Le Matricule des anges, mai 2023, par Christophe Dabitch
Déracinement philosophique
Marc Crépon publie un journal de jeunesse tenu lors d’un long séjour en Moldavie au temps de la perestroïka.
Marc Crépon a vingt-cinq ans en 1987, il vient de finir l’École normale supérieure et s’apprête à effectuer son service national dans la coopération. Il n’est bien sûr pas encore le philosophe qui va tenter de penser les totalitarismes du vingtième siècle et, nourri par la littérature, la violence dans le langage. Il rêve alors du Japon mais il lit les poètes russes et commence par curiosité à apprendre cette langue. Il l’indique avec une certaine légèreté dans son dossier de candidature au ministère et c’est ainsi que sa vie sentimentale, intellectuelle et professionnelle prend un tournant qu’il n’aurait jamais imaginé : il est nommé en 1987 dans un pays satellite de l’URSS, la Moldavie, et plus précisément en tant qu’enseignant de français à l’université de la capitale Kichinev (aujourd’hui Chisinau). Il est le seul Européen de l’Ouest en poste dans ce pays à un moment crucial de l’Histoire qui bientôt provoquera la chute de l’empire, la perestroïka menée par Mikhaïl Gorbatchev.
Objet de surveillance politique voire policière, Marc Crépon tient durant ces neuf mois moldaves un journal qui rend compte de son initiation à la pensée en lien avec une situation politique concrète, mais aussi à l’amour et aux amitiés lointaines. Ce jeune homme momentanément déraciné raconte ainsi une situation historique qui a des résonances évidentes avec la guerre et la tragédie ukrainiennes actuelles. Marc Crépon y découvre en l’analysant cet homme abstrait inventé par le régime soviétique aux dépens de l’homme singulier, que des auteurs de l’Est ont bien sûr décrit ; la logique du colonialisme soviétique et aujourd’hui russe ; la mise au ban de la langue d’un peuple ; le quotidien intime et matériel de l’oppression ; les choix tragiques imposés à chacun pour espérer survivre ; le nationalisme et la question complexe des appartenances. Il y apprend aussi à se déprendre d’un certain éthos de l’intellectuel français bien formé : le sentiment de supériorité, le jugement hautain et le mépris du masque démocrate. Il décentre sa pensée, il se contraint à suspendre son jugement afin d’apprendre des autres, ces gens d’un autre monde politique. Il rencontre aussi celle qui deviendra sa compagne et par là même un pays qui sera le sien.
En juillet 2022, Marc Crépon tient un autre journal publié en postface et prolongement du récit de jeunesse.

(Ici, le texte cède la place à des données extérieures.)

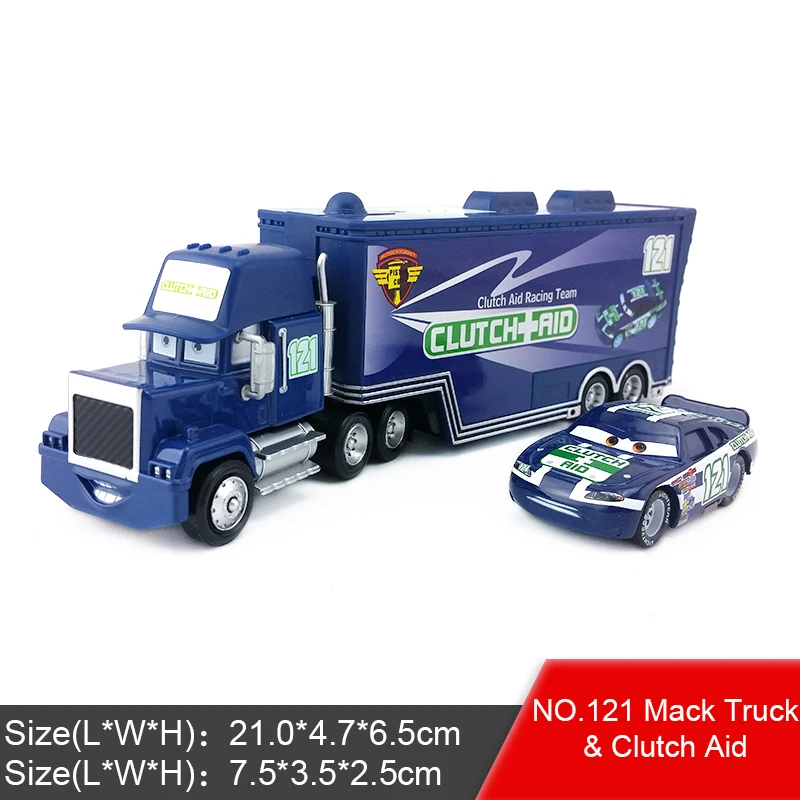 Mack and NO.121 Disney Pixar Cars 2 3 Lightning McQueen Jackson Storm Mack Uncle Truck King 1:55 автомобиль из литого металла игрушка для детей подарок - Цвет: Mack and NO.121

En revenant une énième fois sur place, en y retrouvant la maison familiale alors que la guerre est aux frontières et que les Moldaves se demandent s’ils ne seront pas la prochaine proie (Région autonome de la rive gauche du Dniestr ou « Transnistrie », Gagaouzie), il sait que cette formation concrète en Moldavie a décidé de son travail philosophique sur la violence. Et il sait aussi, malgré vingt années de publications et de conférences, qu’elle le « laissera toujours aussi démuni ». À chaque fois qu’il a eu le sentiment d’en avoir enfin fini avec la réflexion sur la violence conclut-il douloureusement, cela « n’était qu’une illusion ».